Complaints that he and his classmates at the Rosary Sister’s School in Gaza City had were about schoolwork, exams or an exam being scheduled at the same time as sports class.

Fleeing to his demise

Issa and his parents fled their home in October, heading for the Greek Orthodox Church between Zeitoun and Shujayea where they sheltered with hundreds of Christian and Muslim Palestinians who were all fleeing Israel’s bombing.

Despite the international ban on targeting places of worship, Israeli forces bombed the church on October 20, killing Issa, his mother Lisa and his father Tariq. He was an only child.

Issa was a gentle, calm, well-mannered seventh-grader with a beautiful smile that lit up his face that was definitely that of a child. He was not a “big boss” but he was well-loved by the other children in class, always in the middle of a game or joke.

While he was shy with his teachers and would find it difficult to look them straight in the eye, Issa knew how to charm when he needed to.

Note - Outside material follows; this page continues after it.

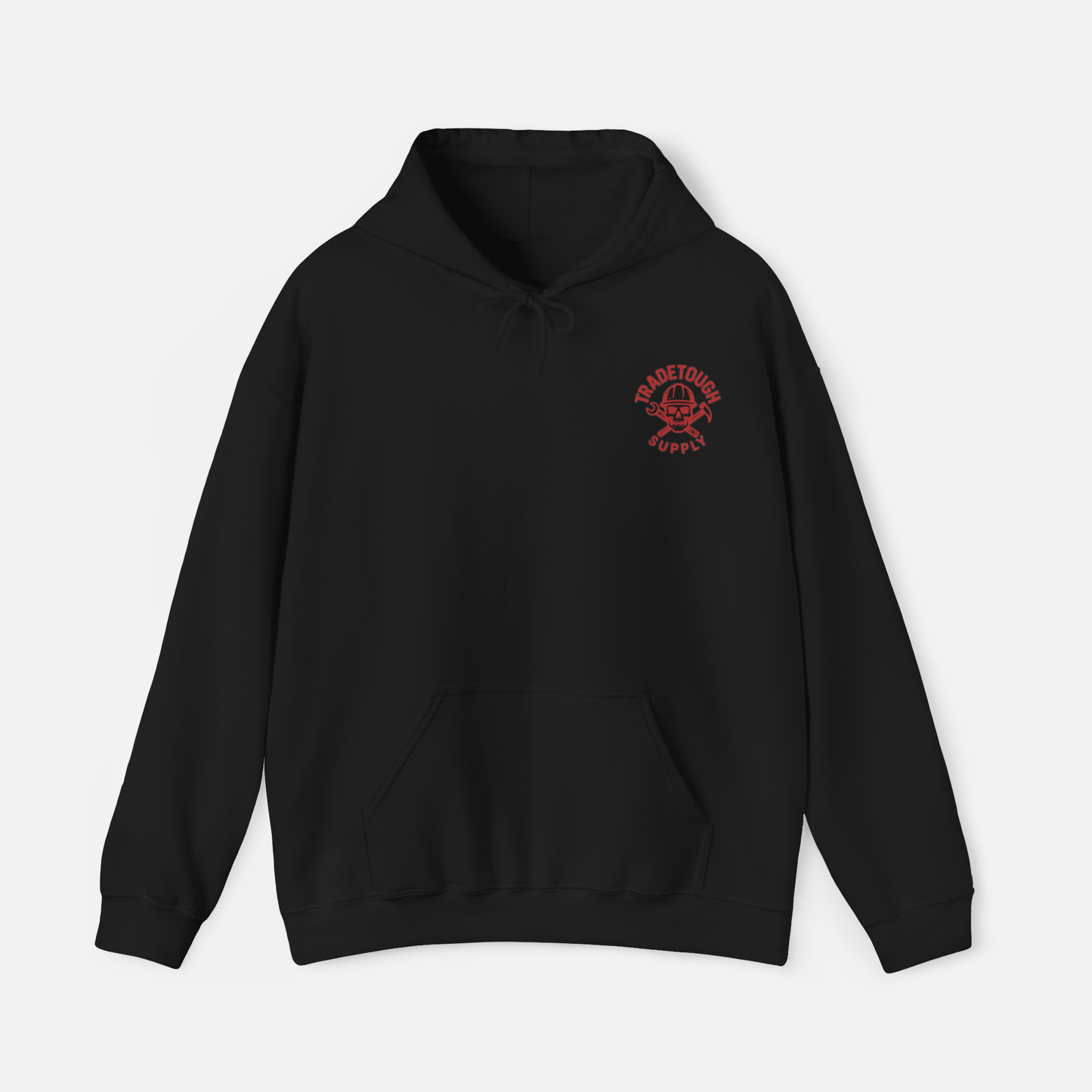 Flat lay of black hoodie with TradeTough logo on the chest, gritty and clean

Hoping for a good grade in an upcoming exam or another, he would find the courage to ask the teacher to make the test as easy as possible. It is not clear if he was always successful, but he did get good grades.

So many children wept for Issa when they heard that he had been killed, especially his best friend, Amir Farah, who could not comprehend what it meant to have lost his close friend and companion.

For a 13-year-old, the idea that he will never see his friend again ever is a difficult one to wrap his head about.

Amir would pick up his phone for weeks after he heard that Issa had died, dialling his friend’s number hoping that Issa would answer and tell him that the news was not true, he had not been killed.

“I won’t see Issa again. Not in the school corridors where he would come running up to me during break time to suggest that we do this or that in the break. I just won’t see him again,” Amir said.

He was her whole life

Issa’s mother was a kindergarten teacher at the same school and was very involved with how he was doing, making sure to talk to his teachers and take note of any suggestions they had for him to improve.

The two were devoted to each other, and Lisa’s colleagues often said that Issa was her whole life and she had put everything into making sure he grew up to be a good man.

One of her fellow teachers remarked sadly that it may have been a small comfort that the two left this world together as she may have not been able to withstand losing her boy whom she dreamt of seeing grow into a successful, kind man.

Lisa’s colleagues will miss her, as will the children she taught who, over the generations, had gotten used to greeting their old kindergarten teacher in the corridors as they dashed to their higher classrooms.

The death of an entire family is a bewildering thing, there is nobody left to mourn their parents or siblings. The extended al-Souri family lost many people in that Israeli bombing, and hearing an aunt count them all off was heartbreaking indeed.

On November 4, Issa’s school, Rosary Sister’s School was bombed as well.